Working Paper

Direct and Indirect Taxation when Households Differ in Market and Non-market Abilities

Alessandro Balestrino, Alessandro Cigno, Anna Pettini
CESifo, Munich, 1999

CES Working Paper No. 181

How are optimal taxation rules affected when households differ in their non-market, as well as in their market skills? Where income taxation is concerned, the policy prescription applying in the case where households are differentiated only by wage rate (namely, that high-wage households should be taxed more than low-wage households, but that marginal income tax rate on the former should be zero) may be reversed when there are also differences in household production skills. Such a reversal is not very likely, however, because there are efficiency gains in subsidizing households with a comparative advantage in non-market activities.
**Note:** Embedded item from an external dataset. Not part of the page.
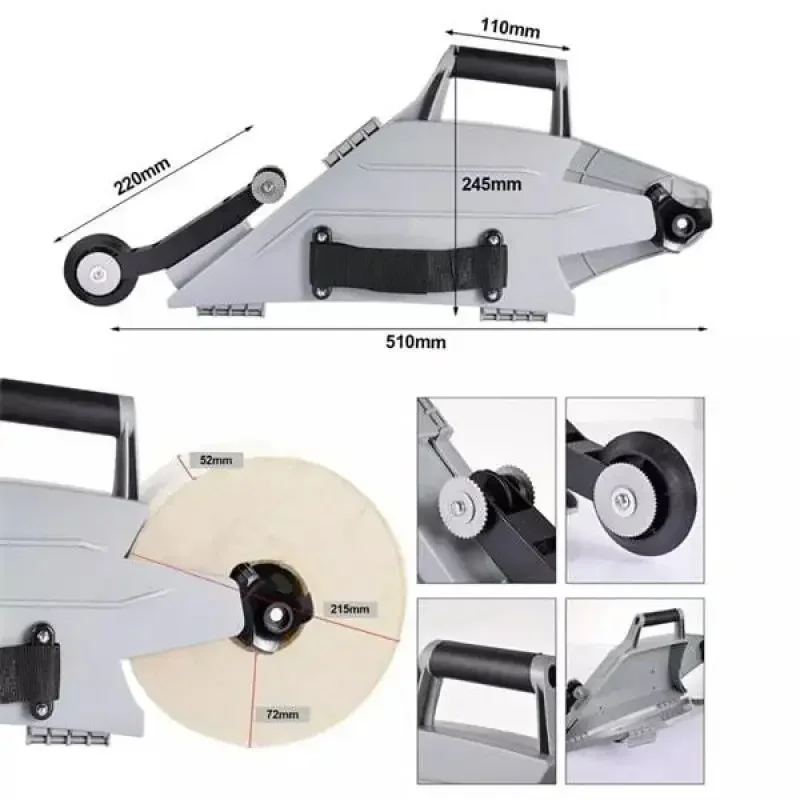 Multifunctional Plasterboard Floor Construction Caulking Splicing Clamping Joint Tool Drywall Taping Decoration Tool Home Tools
Indeed, simulations with a wide range of parameter values show that redistribution is always in favour of low-wage households, and that the amount redistributed increases with the non-market skills of the latter. If households differ in both market and non-market skills, we also find that the introduction of indirect taxation alongside income taxation my be welfare-improving, because it helps relax the incentive constraint, even when the utility function is separable in labour. This contradicts the Atkinson-Stiglitz theorem. The shift from direct to indirect taxation/subsidization allows the optimal marginal rate of income tax on potential mimickers to be different from zero. This is confirmed by simulation experiments.